[YOUR OBJECTIVE] Would you pull out every line of the material that contains the string "Polo"?

[MATERIAL PROVIDED]

"""

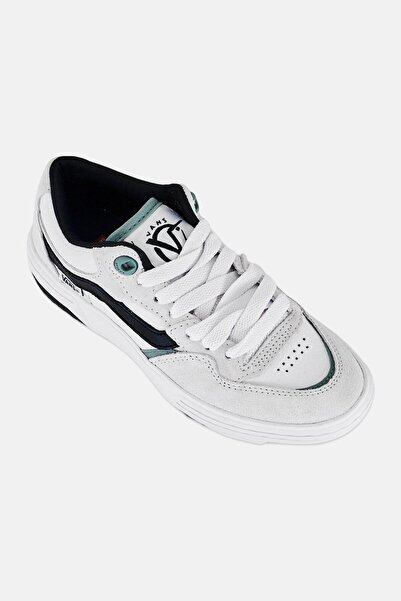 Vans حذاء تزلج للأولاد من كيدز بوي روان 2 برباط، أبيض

"""
"""

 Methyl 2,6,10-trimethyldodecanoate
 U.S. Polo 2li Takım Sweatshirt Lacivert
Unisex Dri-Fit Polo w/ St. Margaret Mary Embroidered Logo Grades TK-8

"""
"""

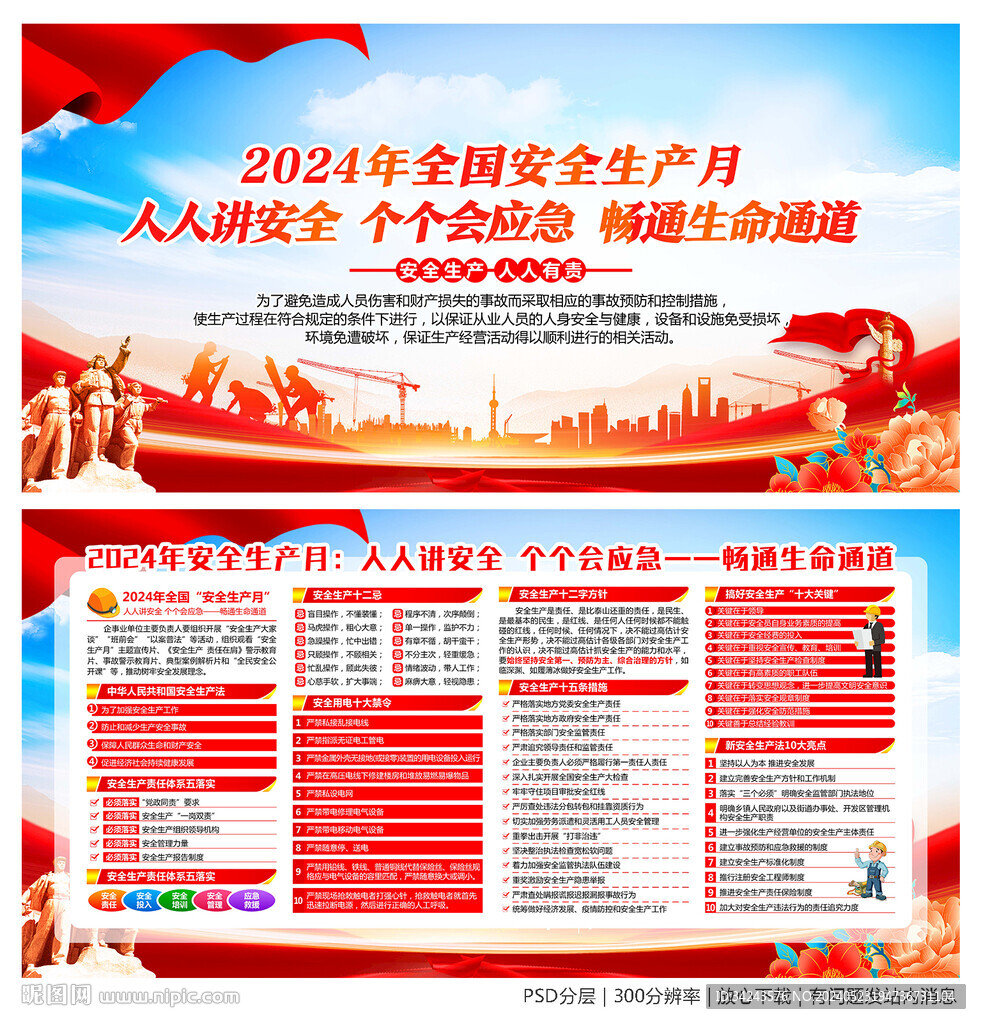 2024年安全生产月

"""

[RESPONSE BELOW]
 U.S. Polo 2li Takım Sweatshirt Lacivert
Unisex Dri-Fit Polo w/ St. Margaret Mary Embroidered Logo Grades TK-8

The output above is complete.